** Supplied material **
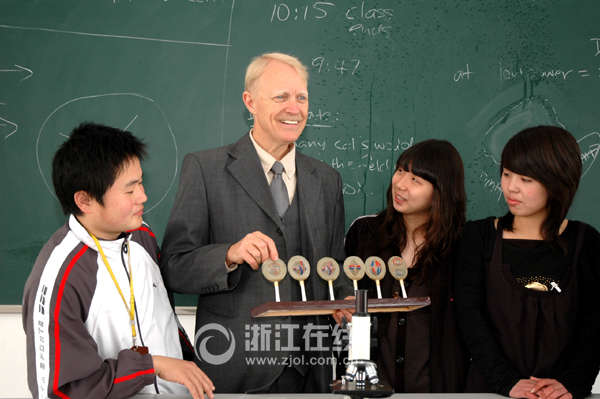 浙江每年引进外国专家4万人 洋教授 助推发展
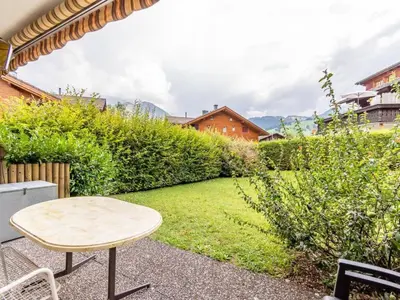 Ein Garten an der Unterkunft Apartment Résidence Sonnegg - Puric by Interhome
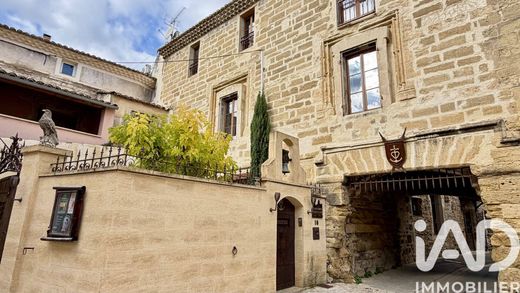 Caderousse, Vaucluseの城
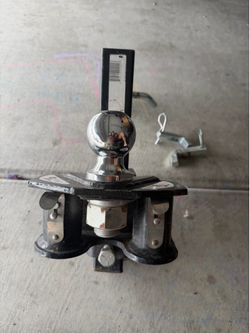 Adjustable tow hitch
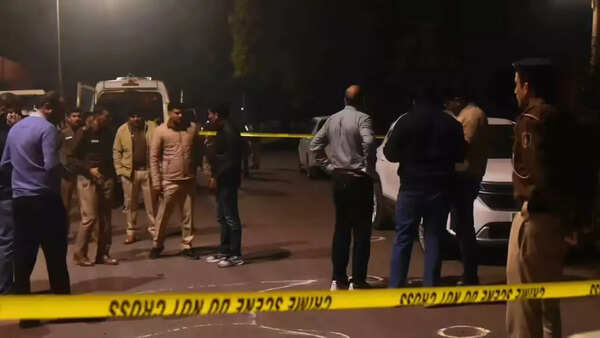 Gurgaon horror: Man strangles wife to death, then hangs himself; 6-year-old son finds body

** Work request **
Each entry above must be restated word for word; the pictures stay out of the copy.

** Answer to this problem **
 浙江每年引进外国专家4万人 洋教授 助推发展
 Ein Garten an der Unterkunft Apartment Résidence Sonnegg - Puric by Interhome
 Caderousse, Vaucluseの城
 Adjustable tow hitch
 Gurgaon horror: Man strangles wife to death, then hangs himself; 6-year-old son finds body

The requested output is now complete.